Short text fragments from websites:
---

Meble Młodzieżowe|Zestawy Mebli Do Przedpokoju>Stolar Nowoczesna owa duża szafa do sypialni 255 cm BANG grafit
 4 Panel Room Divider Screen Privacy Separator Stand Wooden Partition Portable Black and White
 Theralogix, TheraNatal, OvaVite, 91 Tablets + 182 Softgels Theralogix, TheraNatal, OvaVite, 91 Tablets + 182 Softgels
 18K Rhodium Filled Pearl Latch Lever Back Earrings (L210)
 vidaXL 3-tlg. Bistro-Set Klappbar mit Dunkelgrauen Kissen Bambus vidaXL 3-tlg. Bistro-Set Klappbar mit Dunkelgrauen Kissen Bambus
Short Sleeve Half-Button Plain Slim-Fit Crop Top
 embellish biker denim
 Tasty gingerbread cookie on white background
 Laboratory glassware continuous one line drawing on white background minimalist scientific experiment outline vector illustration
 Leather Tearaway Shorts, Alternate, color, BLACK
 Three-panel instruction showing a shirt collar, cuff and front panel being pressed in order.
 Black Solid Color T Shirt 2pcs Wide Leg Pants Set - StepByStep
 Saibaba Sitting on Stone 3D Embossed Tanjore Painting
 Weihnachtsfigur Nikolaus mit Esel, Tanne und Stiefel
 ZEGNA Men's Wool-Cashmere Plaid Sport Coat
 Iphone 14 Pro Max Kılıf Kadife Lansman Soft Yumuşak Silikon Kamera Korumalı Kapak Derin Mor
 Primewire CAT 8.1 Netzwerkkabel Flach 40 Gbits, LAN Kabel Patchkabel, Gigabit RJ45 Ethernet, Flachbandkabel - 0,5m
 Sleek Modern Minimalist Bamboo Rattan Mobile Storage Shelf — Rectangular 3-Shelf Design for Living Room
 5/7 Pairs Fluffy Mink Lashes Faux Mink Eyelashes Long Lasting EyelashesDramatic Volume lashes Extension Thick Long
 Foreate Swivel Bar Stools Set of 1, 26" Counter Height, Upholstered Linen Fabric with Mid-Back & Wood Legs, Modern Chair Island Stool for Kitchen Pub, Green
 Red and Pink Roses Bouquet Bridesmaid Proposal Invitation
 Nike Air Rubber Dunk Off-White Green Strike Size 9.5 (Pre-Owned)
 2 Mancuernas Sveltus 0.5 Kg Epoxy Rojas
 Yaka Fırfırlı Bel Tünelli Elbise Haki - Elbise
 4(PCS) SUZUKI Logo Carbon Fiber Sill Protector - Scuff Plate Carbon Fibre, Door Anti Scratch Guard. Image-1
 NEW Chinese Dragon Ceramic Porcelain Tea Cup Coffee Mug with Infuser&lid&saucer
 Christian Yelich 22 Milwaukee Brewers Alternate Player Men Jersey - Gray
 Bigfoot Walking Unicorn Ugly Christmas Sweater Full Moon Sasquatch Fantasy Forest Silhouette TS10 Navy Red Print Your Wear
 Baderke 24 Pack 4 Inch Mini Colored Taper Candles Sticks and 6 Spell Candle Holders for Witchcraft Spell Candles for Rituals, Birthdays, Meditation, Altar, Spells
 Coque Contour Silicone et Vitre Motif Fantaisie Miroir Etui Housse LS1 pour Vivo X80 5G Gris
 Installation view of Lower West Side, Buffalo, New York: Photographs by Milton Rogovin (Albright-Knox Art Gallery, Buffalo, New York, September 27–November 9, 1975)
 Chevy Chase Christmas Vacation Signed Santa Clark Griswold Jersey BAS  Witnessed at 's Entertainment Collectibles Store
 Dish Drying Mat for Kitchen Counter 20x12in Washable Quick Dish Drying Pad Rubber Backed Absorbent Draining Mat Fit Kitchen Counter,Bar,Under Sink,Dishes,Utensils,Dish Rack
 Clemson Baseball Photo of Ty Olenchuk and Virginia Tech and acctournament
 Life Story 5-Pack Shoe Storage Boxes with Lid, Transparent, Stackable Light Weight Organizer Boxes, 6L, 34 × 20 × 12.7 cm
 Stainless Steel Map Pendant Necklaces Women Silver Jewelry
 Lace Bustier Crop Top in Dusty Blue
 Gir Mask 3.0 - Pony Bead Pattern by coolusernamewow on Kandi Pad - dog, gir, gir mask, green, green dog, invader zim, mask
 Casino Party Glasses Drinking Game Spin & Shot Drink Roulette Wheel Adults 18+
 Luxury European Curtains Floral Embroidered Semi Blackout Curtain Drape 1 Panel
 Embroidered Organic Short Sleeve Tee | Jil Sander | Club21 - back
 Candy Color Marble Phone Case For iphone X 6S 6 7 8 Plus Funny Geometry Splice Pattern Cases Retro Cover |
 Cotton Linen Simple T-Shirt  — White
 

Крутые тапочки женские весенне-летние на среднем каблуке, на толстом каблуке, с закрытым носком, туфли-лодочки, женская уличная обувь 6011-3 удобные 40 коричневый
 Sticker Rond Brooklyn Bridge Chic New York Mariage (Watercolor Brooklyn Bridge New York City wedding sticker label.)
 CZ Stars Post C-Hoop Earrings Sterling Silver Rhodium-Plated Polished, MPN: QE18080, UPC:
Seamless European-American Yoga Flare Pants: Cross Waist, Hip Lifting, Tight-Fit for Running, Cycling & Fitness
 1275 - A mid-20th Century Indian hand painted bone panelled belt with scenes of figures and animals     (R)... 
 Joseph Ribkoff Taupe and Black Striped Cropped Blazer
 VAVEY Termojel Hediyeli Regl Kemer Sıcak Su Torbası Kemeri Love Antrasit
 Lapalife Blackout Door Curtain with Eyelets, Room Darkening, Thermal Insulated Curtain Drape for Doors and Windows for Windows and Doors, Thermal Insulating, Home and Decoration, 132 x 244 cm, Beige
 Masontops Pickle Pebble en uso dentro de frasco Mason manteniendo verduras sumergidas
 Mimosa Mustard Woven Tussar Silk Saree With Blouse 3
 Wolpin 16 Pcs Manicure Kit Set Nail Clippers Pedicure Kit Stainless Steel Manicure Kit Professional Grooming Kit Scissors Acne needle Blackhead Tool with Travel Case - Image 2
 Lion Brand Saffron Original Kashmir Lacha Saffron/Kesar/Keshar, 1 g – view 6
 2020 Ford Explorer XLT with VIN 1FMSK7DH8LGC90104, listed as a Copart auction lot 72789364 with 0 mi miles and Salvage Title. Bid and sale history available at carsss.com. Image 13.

---

### What is needed:
Which lines above run from the one containing "Gir Mask 3.0" to the one containing "Embroidered Organic Short"? Give them again exactly, both ends included.

### Written reply:
 Gir Mask 3.0 - Pony Bead Pattern by coolusernamewow on Kandi Pad - dog, gir, gir mask, green, green dog, invader zim, mask
 Casino Party Glasses Drinking Game Spin & Shot Drink Roulette Wheel Adults 18+
 Luxury European Curtains Floral Embroidered Semi Blackout Curtain Drape 1 Panel
 Embroidered Organic Short Sleeve Tee | Jil Sander | Club21 - back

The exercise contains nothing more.